According to Goldman Sachs, December is one of the best months of the year for US stock markets. On data going back to 1928, December is the second best month with an average monthly increase of 1.5 percent and a 75 percent rate of positive return over the month. In December 2011, the Dow came close to that average with a rise of 1.42 percent over the month. 2011 was not a particularly good year on US stock markets with the Dow up 5.53 percent over the year. A similar performance this year would see the Dow close at 12892 on December 31. That's within 1.0 percent of the Dow's 13009 close on November 23. But be all that as it may, the biggest threat for the rest of this year and especially in the year to come does not come from the stock market. It comes from the bond market, especially the Treasury bond market.

The signal feature of the secondary market for the debt of the US government is that it is today one of the longest-lived bull markets ever recorded. Its uptrend is unbroken since the bottom more than 30 years ago in 1981. The Dow has yet to revisit the all time highs it set back in October 2007 but the Treasury market is different. In 2011, it exceeded the highs it set at the beginning of the Fed's ZIRP in December 2008. This year, it has in turn exceeded those 2011 highs. In fact, Treasuries have hit all time highs three times in 2012, the most recent instance coming only a week ago on November 16. This potential "triple top" is the most ominous formation on ANY financial market as the old years winds down and the new year approaches. It remains "THE SIGNAL" we referred to in this section of our previous issue.

For years now, the most fatuously ridiculous of the many claims made by the Federal Reserve has been the one which denies any connection between their manipulation of interest rates and the boom and bust of the housing bubble which brought on the GFC in 2007-08. Now, Mr Lockhart of the Atlanta Fed has gone one better by blandly insisting that "...there is no direct link in terms of intention between the low interest rate policy and the financing of the deficit". Any comment on this would be superfluous, so we will refrain.

The Thin Air Of The Yield Curve:

In September 2011, Mr James Kostohryz attempted to answer the question: "How low can Treasury yields go?" He summed up his answer at the outset: "As long as the US is on a fiat monetary system, there are overwhelmingly persuasive reasons to suppose that long (10-year) bond yields will never be sustained at or below 2.0%." That statement held good when Mr Kostohryz penned his article in September 2011. Over the last three months of the year, the yield on Treasury 10-year paper did dip below the 2.0 percent level, but it never remained below that level for long. But 2012, for the first time in the history of the Treasury long bond, has been a very different story. The last time that 10-year Treasury yields were ABOVE 2.0 percent was on April 25, 2012. That's exactly seven months ago. Does seven months qualify as a "sustained period"?

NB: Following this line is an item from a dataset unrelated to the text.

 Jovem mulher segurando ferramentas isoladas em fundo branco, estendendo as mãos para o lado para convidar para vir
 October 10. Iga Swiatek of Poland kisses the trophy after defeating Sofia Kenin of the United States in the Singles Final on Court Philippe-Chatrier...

In his article, Mr Kostohryz pointed out that the only time that Treasury long bond yields had ever fallen to 2.0 percent was a sharp downward yield spike in 1940, shortly before the US entered WW II in 1941. Don't forget that a yield as low as 2.0 percent on a debt "asset" which does not mature for ten years is implying a stable purchasing power for the currency in which that debt is denominated for a LONG period of time. Mr Kostohryz stressed that his prediction of a 2.0 percent "floor" for the long bond yield held good - "for as long as the US is on a fiat monetary system". The history of the purchasing power of the US Dollar (and all other fiat currencies) under such a system is one of ever more violent gyrations. The history of the fiat US Dollar over the four decades of the fiat money system is one of ever DECREASING purchasing power. There were very good reasons as recently as late 2011 for assuming that the yield of the Treasury long bond had a "floor" at or about the 2.0 percent level.

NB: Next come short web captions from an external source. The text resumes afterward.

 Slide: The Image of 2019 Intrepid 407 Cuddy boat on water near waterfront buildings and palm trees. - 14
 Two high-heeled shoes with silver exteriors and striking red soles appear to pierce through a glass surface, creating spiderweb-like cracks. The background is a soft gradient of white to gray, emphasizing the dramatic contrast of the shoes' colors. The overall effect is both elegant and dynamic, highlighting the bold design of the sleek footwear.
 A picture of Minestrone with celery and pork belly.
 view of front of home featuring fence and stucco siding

Inexorably, as long as the gap between US government revenues and US government spending continues to widen - or at least not to narrow - the grossly overvalued state of the debt paper of the US government will become more and more obvious. So will the potential danger of a sudden and sharp reverse to what has become the longest intact bull market of all. The Fed knows this, that is why they are running their bank "stress tests" with parameters they would not dare introduce into any of their public economic analyses.

The Real Fiscal Cliff:

The first decade of the global fiat money era was the 1970s. That was the decade when the bear market on US Treasury debt which had begun in the wake of those 2.0 percent yields on ten-year paper accelerated downwards. The bottom was reached in 1981 when ten-year yields reached just under 16.0 percent. By 1990, the yields were between 8.00 - 9.00 percent. By 2000, they were fluctuating between 6.00 - 6.50 percent. In 2008, the year of the Lehman crisis and the onset of the Fed's ZIRP, the yields plummeted from 4.00 to 2.10 percent. That is about as low as they got on a sustained basis - until this year.

Now, the yields on Treasury 10-year paper have been below 2.0 percent on a continual basis since late April. In the seven months since then, the bull market in Treasuries has hit all time highs three times, the latest episode taking place only a week ago. This is the REAL fiscal cliff. To have any hope of maintaining the claim that 2013 might be a "very good year" for the US economy, long-term Treasury yields MUST remain at or about their present levels. The last time that the US government was wrestling with the problem of a higher "limit" for their Treasury's credit card was in July 2011. Ten- year Treasury yields stayed remarkably stable over that month at or about the 3.00 percent level. But as soon as it became clear that a deal was going to be made at the end of July, the yields began to plummet. Between July 28 and August 10, 2011, the yield on ten-year Treasury paper plummeted from 3.00 to 2.10 percent.

The chance of a repeat performance from the current yield of 1.70 percent is vanishingly small. Much more likely is the opposite scenario, the one in which the recent high on the Treasury market DOES prove to be the third prong of a "triple top". That would deliver the kind of "fiscal clarity" that Mr Bernanke does not want to EVER see the light of day.